[Short descriptive text snippets]
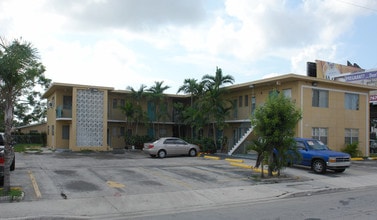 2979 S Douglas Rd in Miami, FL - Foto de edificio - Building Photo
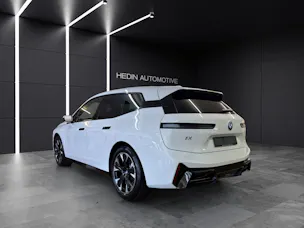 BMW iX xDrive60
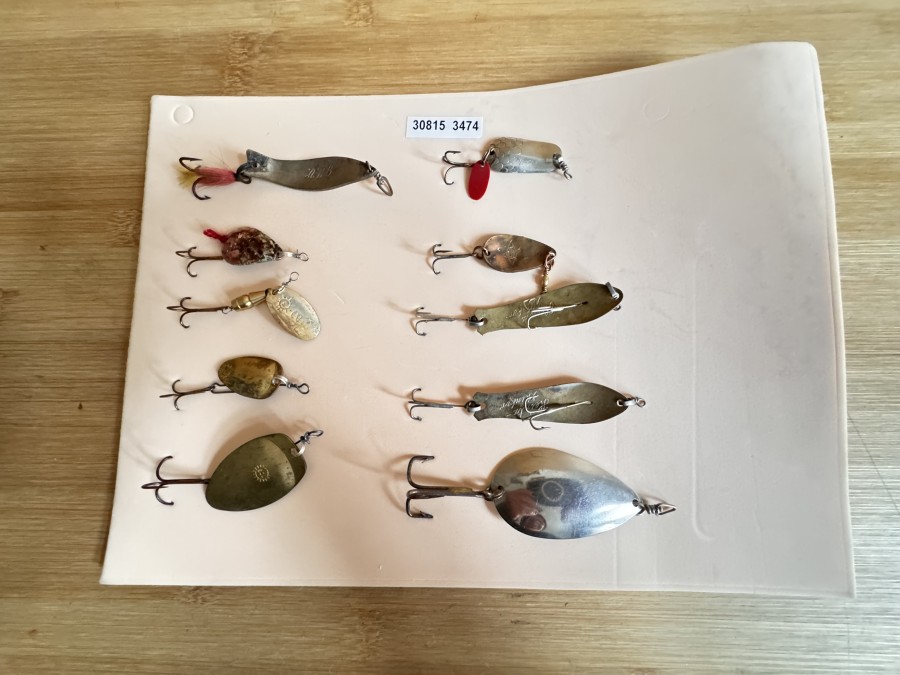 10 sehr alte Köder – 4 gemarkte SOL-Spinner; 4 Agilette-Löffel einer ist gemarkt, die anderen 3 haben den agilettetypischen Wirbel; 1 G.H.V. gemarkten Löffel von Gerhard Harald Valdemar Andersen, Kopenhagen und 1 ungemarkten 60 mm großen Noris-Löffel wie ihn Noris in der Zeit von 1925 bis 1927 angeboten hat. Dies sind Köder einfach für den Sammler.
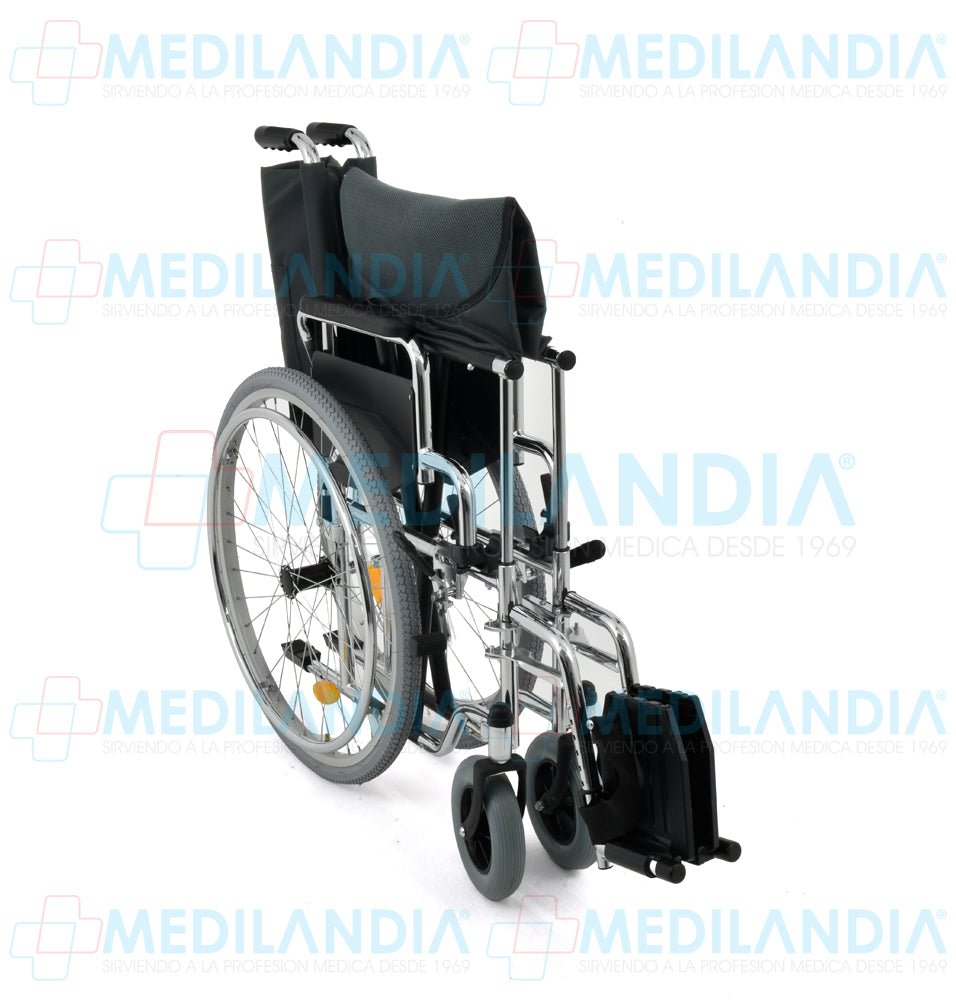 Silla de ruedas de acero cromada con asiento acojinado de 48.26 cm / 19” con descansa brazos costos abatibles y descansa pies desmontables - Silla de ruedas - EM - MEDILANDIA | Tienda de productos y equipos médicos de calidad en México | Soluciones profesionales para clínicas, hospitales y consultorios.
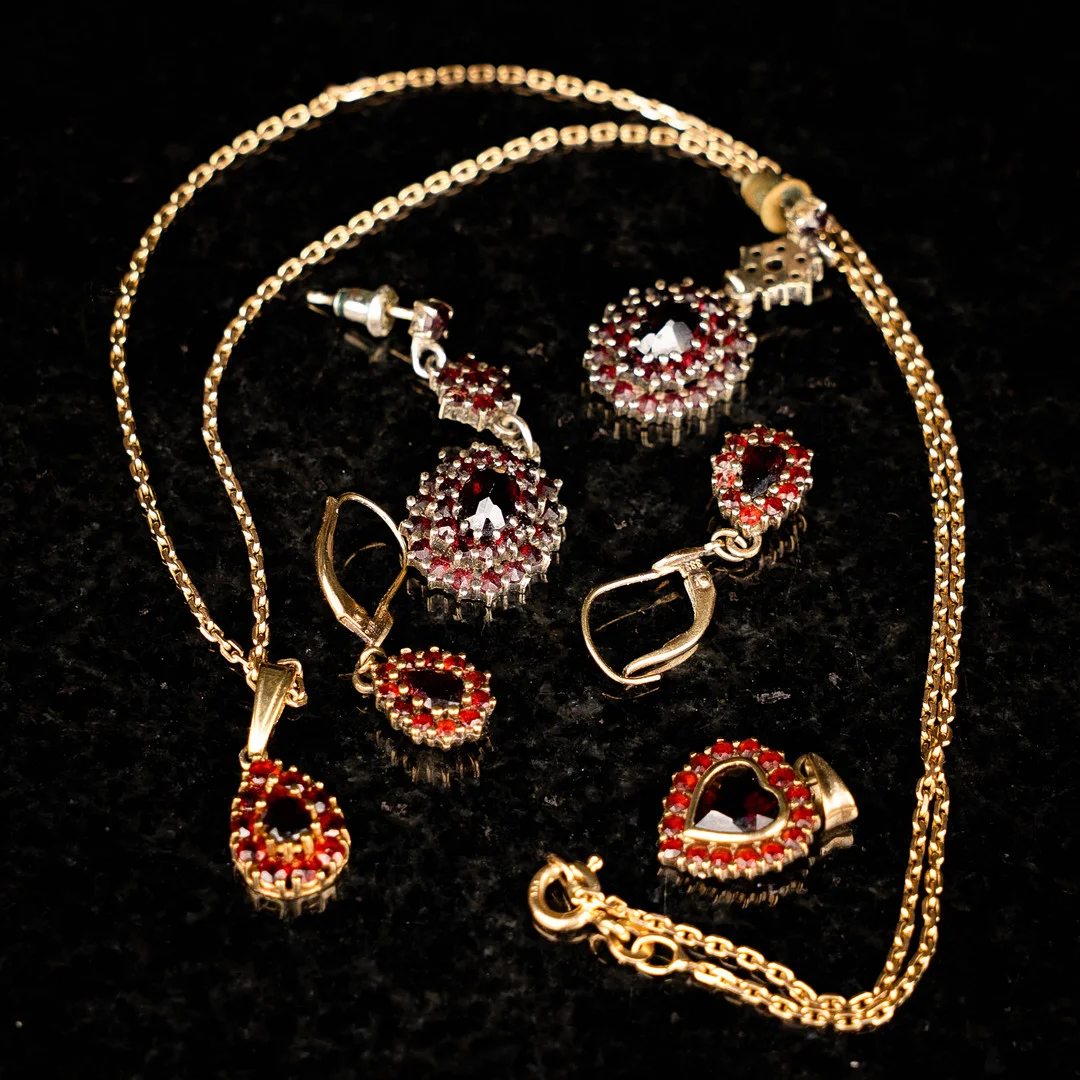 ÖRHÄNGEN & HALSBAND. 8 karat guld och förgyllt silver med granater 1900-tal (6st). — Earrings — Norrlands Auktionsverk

◆ **Exercise requirements**
From top to bottom, restate the records above exactly and omit every picture.

◆ **Answer to the exercise**
 2979 S Douglas Rd in Miami, FL - Foto de edificio - Building Photo
 BMW iX xDrive60
 10 sehr alte Köder – 4 gemarkte SOL-Spinner; 4 Agilette-Löffel einer ist gemarkt, die anderen 3 haben den agilettetypischen Wirbel; 1 G.H.V. gemarkten Löffel von Gerhard Harald Valdemar Andersen, Kopenhagen und 1 ungemarkten 60 mm großen Noris-Löffel wie ihn Noris in der Zeit von 1925 bis 1927 angeboten hat. Dies sind Köder einfach für den Sammler.
 Silla de ruedas de acero cromada con asiento acojinado de 48.26 cm / 19” con descansa brazos costos abatibles y descansa pies desmontables - Silla de ruedas - EM - MEDILANDIA | Tienda de productos y equipos médicos de calidad en México | Soluciones profesionales para clínicas, hospitales y consultorios.
 ÖRHÄNGEN & HALSBAND. 8 karat guld och förgyllt silver med granater 1900-tal (6st). — Earrings — Norrlands Auktionsverk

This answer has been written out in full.